Each piston makes power every 2 revolutions. The engine makes power twice per revolution, or every 180 deg. on the crankshaft. The camshafts turn once for every two turns of the crankshaft.

 

An ideal Diesel cycle has a maximum cycle temperature of 2000*C and a cutoff ratio of 1.2. The state of the air at the beginning of the compression is P1 = 95kPa and T1 = 15*c. The cycle is executed in a four-stroke, eight-cylinder engine with a cylinder bore of 10cm and a piston stroke of 12cm. The minimum volume enclosed in the cylinder is 5 percent of the maximum cylinder volume. Determine the power produced by this engine when it is operated at 1600 rpm. Use constant specific heats at room temperature.
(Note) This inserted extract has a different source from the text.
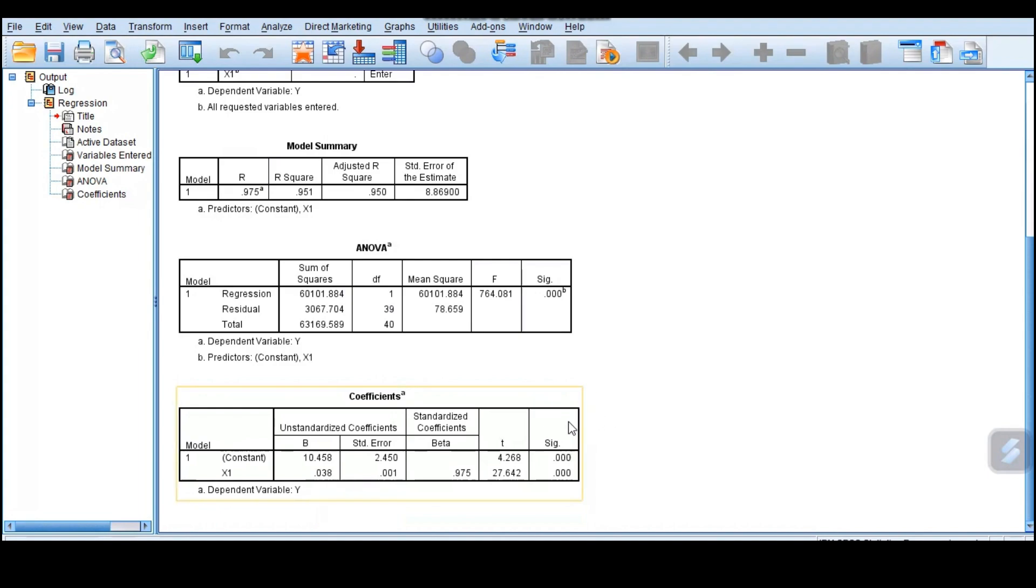Both of them are significant here. That tells you that our model is significant and also our coefficients are significant.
Ans: 105 kW

So,

P2 = P3
V4 = V1 = Vmax = pi * r^2 * h = pi * .05^2 * .12 = 9.42E-4 cubic meters

m = P1V1/RT1 = 0.0010832292 kg

V2 = 0.5 * V1 = 4.7123E-5 cubic meters

V3 = Rc V2 = 1.2 * V2 = 5.65E-5 cubic meters

1-2 isentropic
T2 = T1 (V1/V2)^k-1 = 288 * 20^1.4-1 = 954.6

T3 = 2273K

Qin = m(h3-h2) = mCp(T3-T2)
Qin = 0.00108 kg * (1.005) * (2273 - 955)K
Qin = 1.44 kJ

3 - 4 isentropic
T4 = T3 (V3/V4=V1)^k-1 = 2273 * (5.66E-5 / 9.42E-4)^.4 = 738 K

Qout = m(u4- u1) = mCv(T4-T1)
Qout = 0.00108 kg * .718 * (738 - 288)K
Qout = 0.350

Wnet = Qin - Qout
Wnet = 1.44 - .350 kJ
Wnet = 1.09 kJ

Wtotal = Wnet * RPS/2 * cylinders
Wtotal = 1.09 * 26.6/2 * 8 cylinders
Wtotal = 116 kJ/s = 116 kW

 

I have a t-score of 1.36 in this class. I'm pretty sweet. h:

 

That's what I get too :dunno:

 

i should done stayed in engineering school so i can heal peoples

 

holy crap that looks confusing as hell

 

Where does the purple go? :nervous:

 

math makes me :loco:

 

I got 116 as well ;o

 

dot. too bad I'm pretty fawked in there.